Segundo diversos autores, o planejamento de pesquisa segundo a metodologia a ser utilizada refere-se à organização para coleta e análise de dados levantados, sendo que a escolha de qual metodologia empregar está intimamente relacionada ao objetivo da pesquisa (SELLTIZ et al., 1965).

Tendo em vista que o objetivo do trabalho foi analisar uma situação existente no Brasil tomando como base estudos anteriores feitos por pesquisadores estrangeiros, replicou-se a abordagem metodológica utilizada no artigo de Taylor e Lee (1994) e Taylor, Landreth e Bang (2005), conhecida como análise de conteúdo, devido ao fato da pesquisa atual compartilhar dos mesmos objetivos gerais de tal estudo precedente e que tal modelo metodológico, quando aplicado de forma a analisar as representações de asiáticos em propagandas nos Estados Unidos, mostrou-se eficiente e a partir dele pode-se alcançar resultados de pesquisa esclarecedores.
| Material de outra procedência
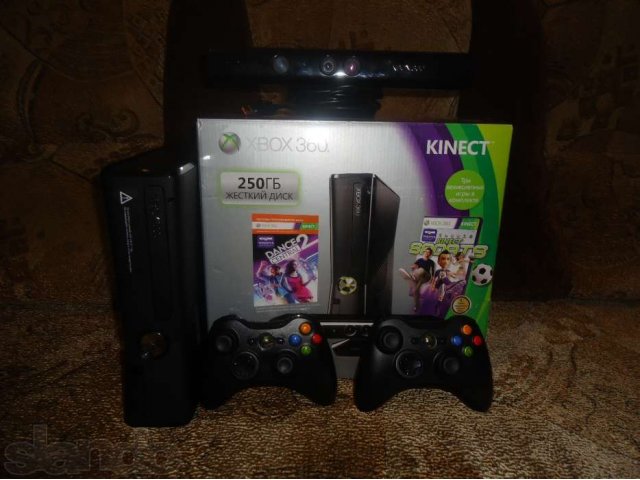 Xbox 360 Slim 250Gb + Kinect + Игры (Гарантия до 2014) в городе Омск, фото 1, стоимость: 16 000 руб.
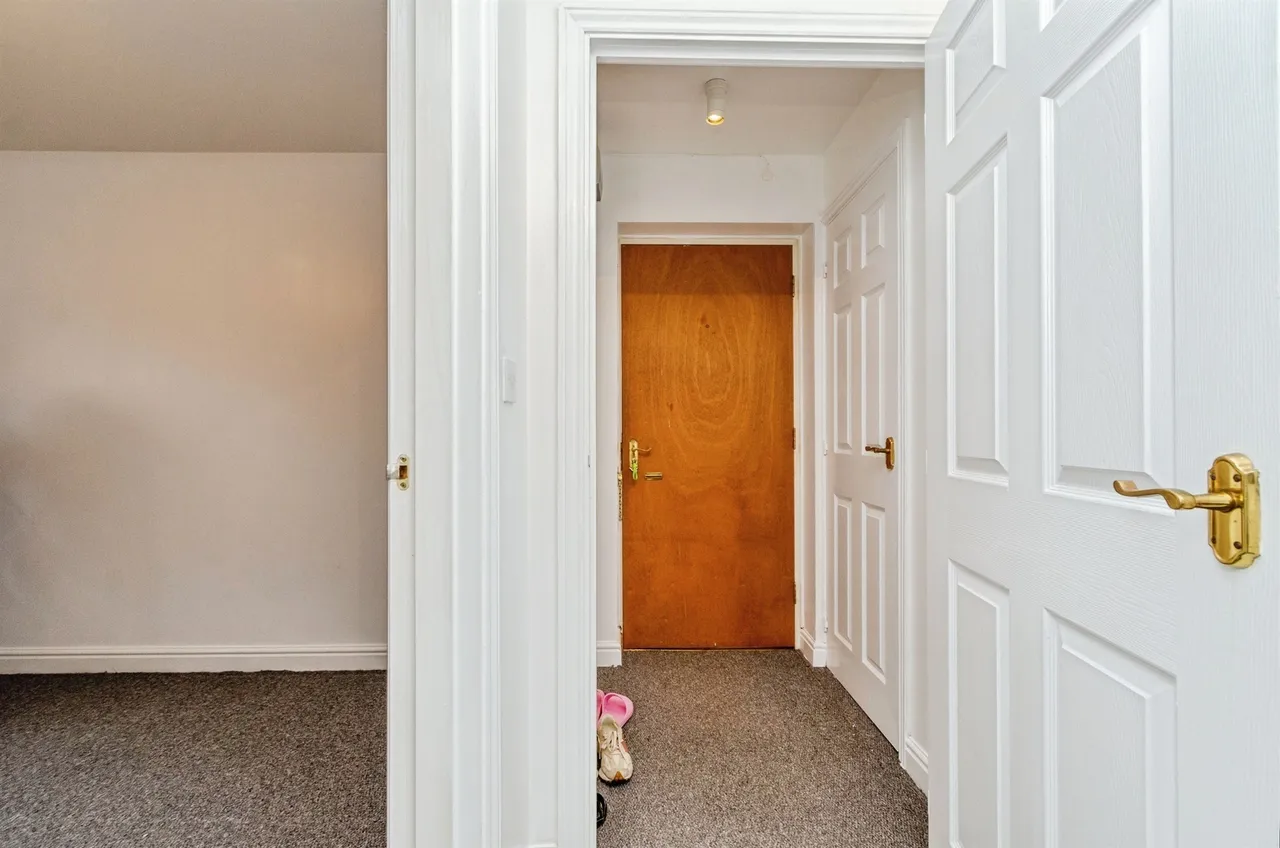 Essington Way, Wolverhampton, WV1, photo 3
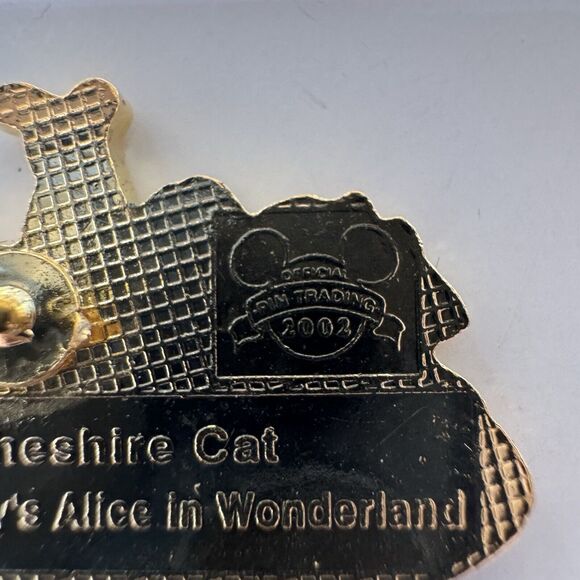 Vintage Disney Cheshire Cat Pin Alice in Wonderland 2002 Official Trading LE New - Picture 5 of 7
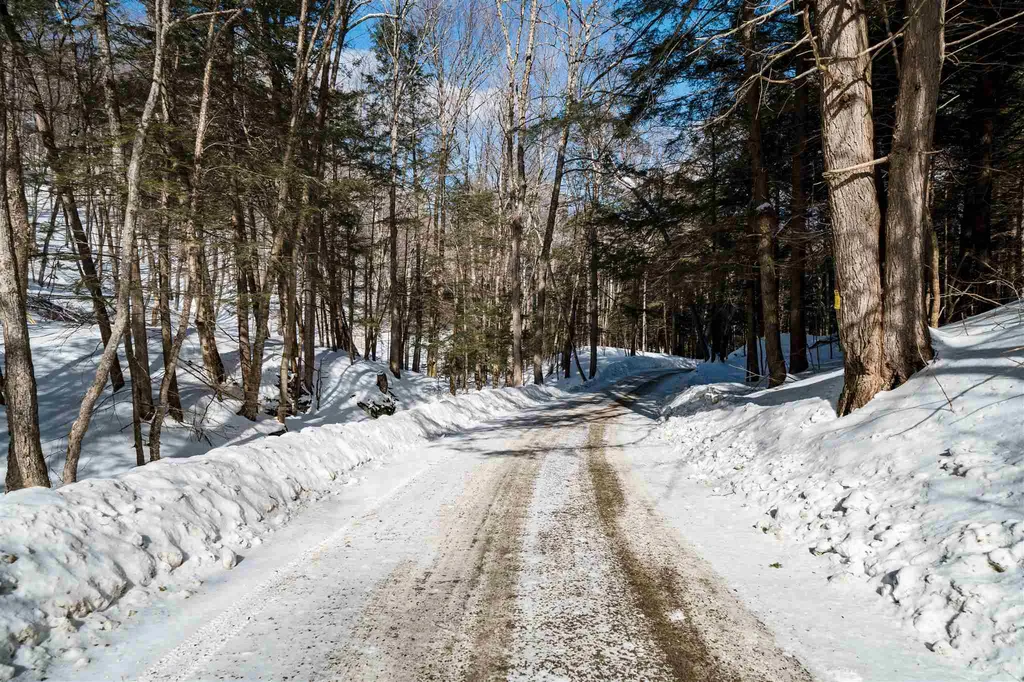 00-A Starbuck Road Pomfret VT 05053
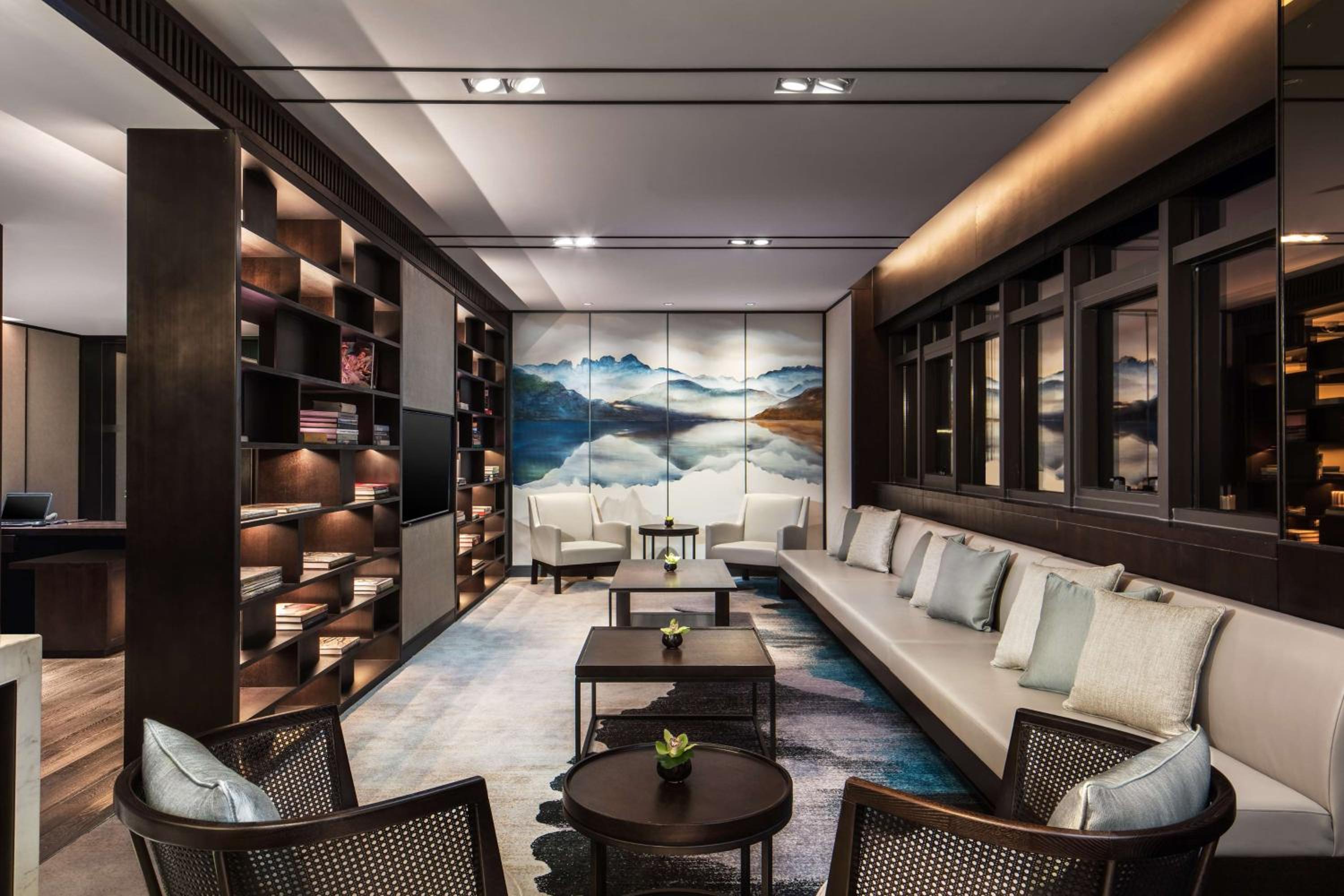 Hilton Ningbo Dongqian Lake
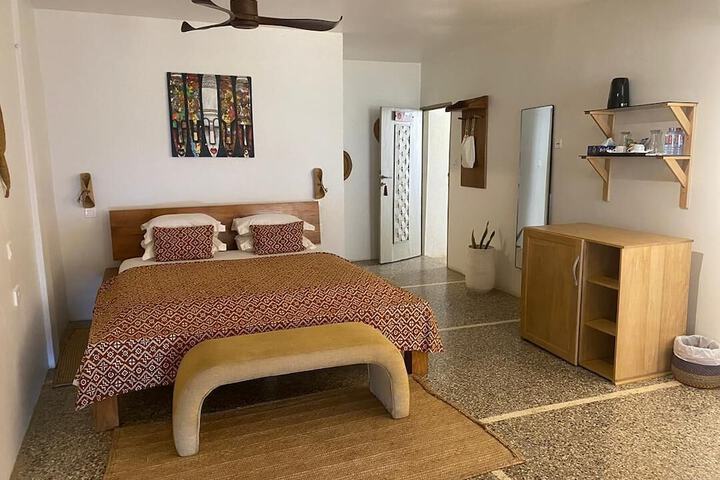 Room 65 of 151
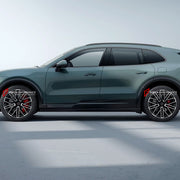 FORGED WHEELS RIMS for PORSCHE CAYENNE E4 TURBO 2026+ FORZA PERFORMANCE SportTechno Summer Set

We manufacture premium quality forged wheels rims for Porsche Cayenne E4 Turbo 2026+ in any design, size, color.

WHEEL SIZE:

Front: 22 x 10.5 ET 20
Rear: 22 x 12.5 ET 28
PCD: 5 x 130
CB: 71.6
Finish: High Gloss Black With Polished Silver
Material: 6061-T6 Forged Aluminum
THIS WHEEL DESIGN CAN BE CUSTOM-MADE FOR YOUR CAR IN ANY SIZE AND COLOR OPTIONS
Available in monoblock, 2-piece, 3-piece, duoblock, beadlock
3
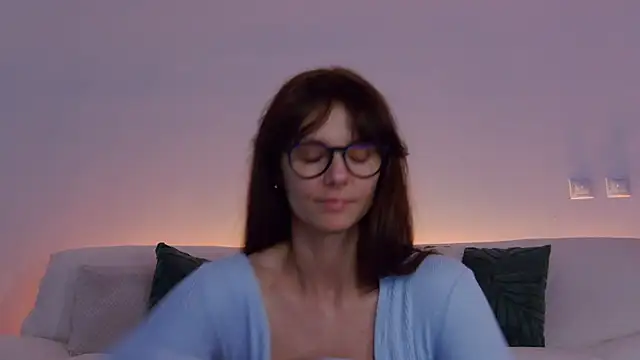 LilyRoselyn online show from 03-25-26, 02:05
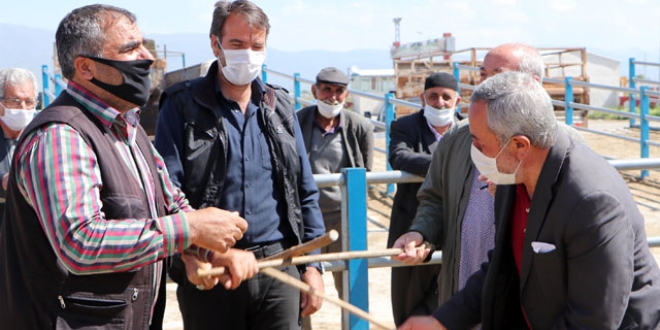 Hayvan pazarında el sıkışma yerine 'sopalı pazarlık' dönemi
A escolha da análise de conteúdo deveu-se também ao fato de que, no campo da análise das representações de minorias em comunicação de marketing, o método ter sido extensamente utilizado por diversos autores (KASSARJIAN, 1969; WILKES; VALENCIA, 1989; BOWEN; SCHIMID, 1997; TAYLOR; STERN, 1997).

A análise de conteúdo é um método de pesquisa observacional e quantitativo usado para avaliar sistematicamente os recursos simbólicos de todas as formas em peças de comunicação. Tais comunicações podem também ser analisadas em diversos níveis (imagens, palavras, papéis, etc), criando assim um grande leque de oportunidades de pesquisa (KOLBE; BURNETT, 1991).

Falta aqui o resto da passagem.